In the capital, Tehran — the country's largest, densest and most populous city — temperatures are expected to hover above 39 degrees Celcius. Meanwhile, in the southwestern, energy-rich province of Khuzestan, the typically scorching weather could go well over 50 degrees Celsius (122 degrees Fahrenheit).  

With the closures covering both the public and private sectors, the plan will mean four consecutive days of stoppage as the two emergency holidays will be followed by Thursday and Friday, the official weekend in Iran. 

The heatwave-triggered holidays were the first of their kind in Iran, an indication of how the country is feeling the pinch of global warming. Yet signs and warnings that Iran is one of the worst affected victims of climate change have long been out there.

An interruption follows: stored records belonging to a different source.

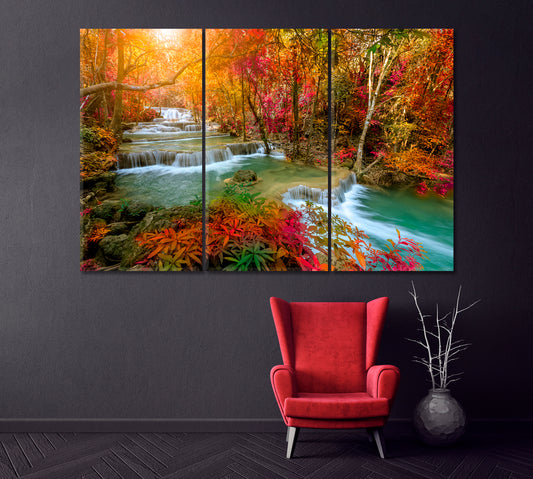 Huai Mae Khamin Waterfall Thailand Canvas Print ArtLexy 3 Panels 36"x24" inches 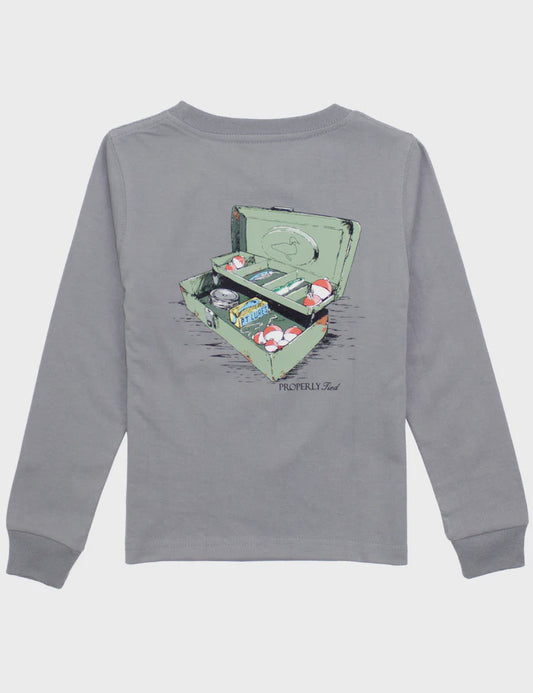 Properly Tied Boys Tackle Box L/S Battleship Grey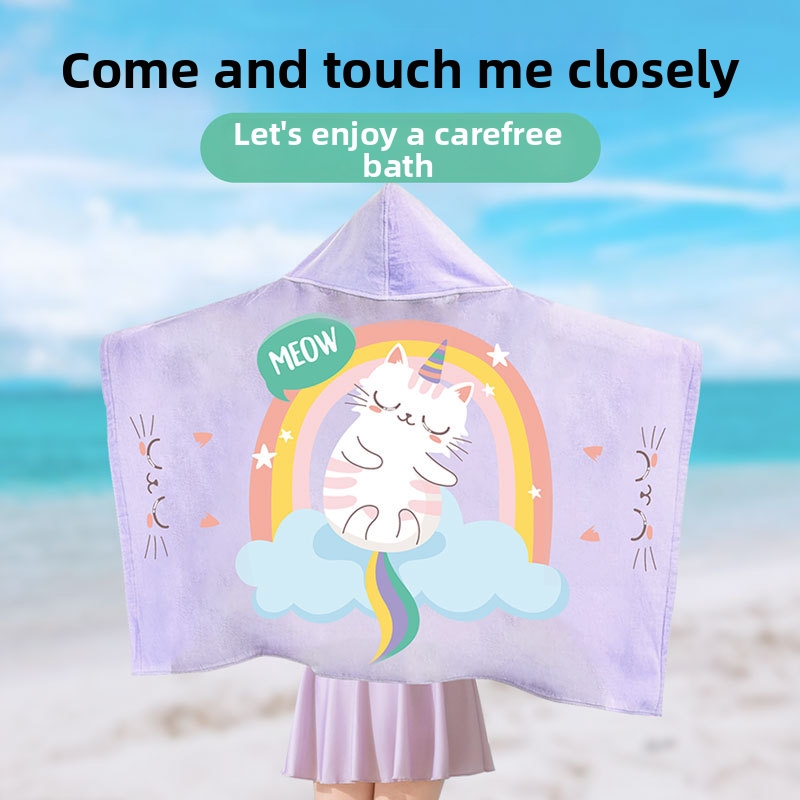 Children's Beach Towels Capes Quick Drying Absorbent Jacquard Hooded Styles Swimming Towels_voghion.com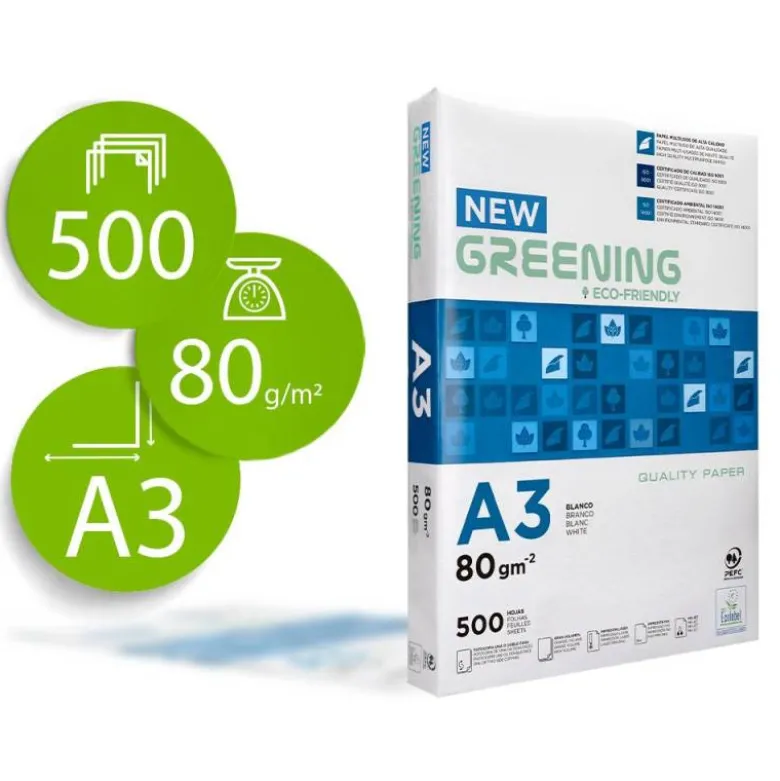 NO ES TAMAÑO FOLIO Papel fotocopiadora greening din a3 80 gramos paquete de 500 hojas.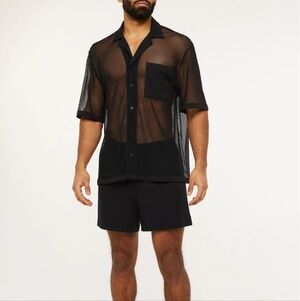Savage X Fenty Black Sheer Button Down Shirt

According to data from the country's meteorological office, the pace of warming per decade in Iran has been 0.4 degrees, twice as intense as that of the global average of 0.2 degrees. 

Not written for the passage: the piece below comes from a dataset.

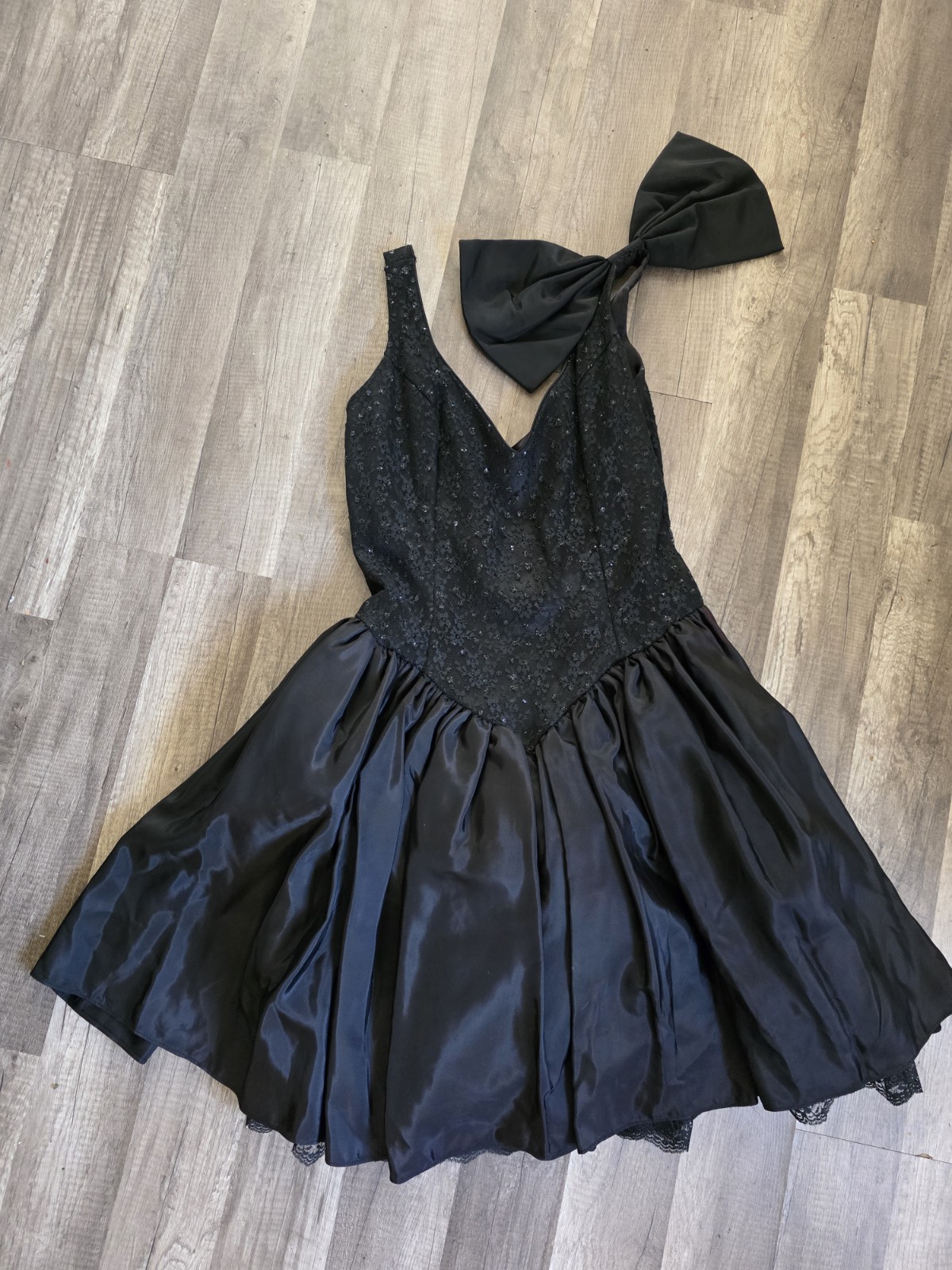 Gunne Sax Black Corset Bow Lace Whimsigoth Dress Baroque Regency Vintage 80s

That translates into new phenomena and natural disasters that were once unthinkable in the country's diverse climatic conditions. Over the past few years, Iranians have witnessed with alarm lower precipitation, consecutive episodes of droughts, as well as unseasonal and deadly floodings, among other calamities. Across the western Zagros Mountains, one of Iran's greenest forest ranges, repeated wildfires have also proven deadly as unequipped volunteers have been struggling to extinguish stubborn flames in the absence of a government response from local officials.  

Government reports also suggest that the soaring temperatures have depleted many water resources, with the most notable case being that of Lake Urmia. And as glaciers on mountains as high as 4,000 meters (13,123 feet) vanish, the strain on the ecosystem is heavier, permanently devastating wider flora and fauna and impacting drinking water.  

The emergency holidays also come as Iran's power network has lagged behind demand over the past two years. Only on Monday, the country's Energy Ministry advised the public to economize, announcing that the national daily consumption had hit 72,458 megawatts, the highest rate ever recorded in the country's history. 

The government's perceived failure to tackle the electricity shortages in a country sitting on the world's fourth-largest oil reserves and second-largest natural gas resources has unsurprisingly sparked loud criticism from economists, environmentalists and ordinary citizens.  

Officials denied that electricity supplies had anything to do with the emergency holidays plan, maintaining that the situation at power plants remains stable. Many media outlets, however, speculated that the strain on the power system, rather than public health, was the key stimulator of the decision. Back in June, the Iranian government set the public service working hours to begin at 6 a.m. instead of 8 a.m. in an effort to reverse the staggering electricity consumption during the peak summer season. 

The electricity management remained a heated debate on social media as well, where Iranians attacked authorities for their handling of the problem and their alleged refusal to clearly state the reasons behind the emergency holidays.  

"The closures are not about the heatwaves; the regional superpower is running out of electricity," many wrote in sarcasm, borrowing from the Iranian government's typical term of self-praise. 

"For the sake of the health and dignity of the public, you had better close down this sitting government altogether for two years," wrote economist and entrepreneur Pedram Soltani below a tweet by Iranian government spokesman Ali Bahadori Jahromi, in which he linked the emergency holidays to public health.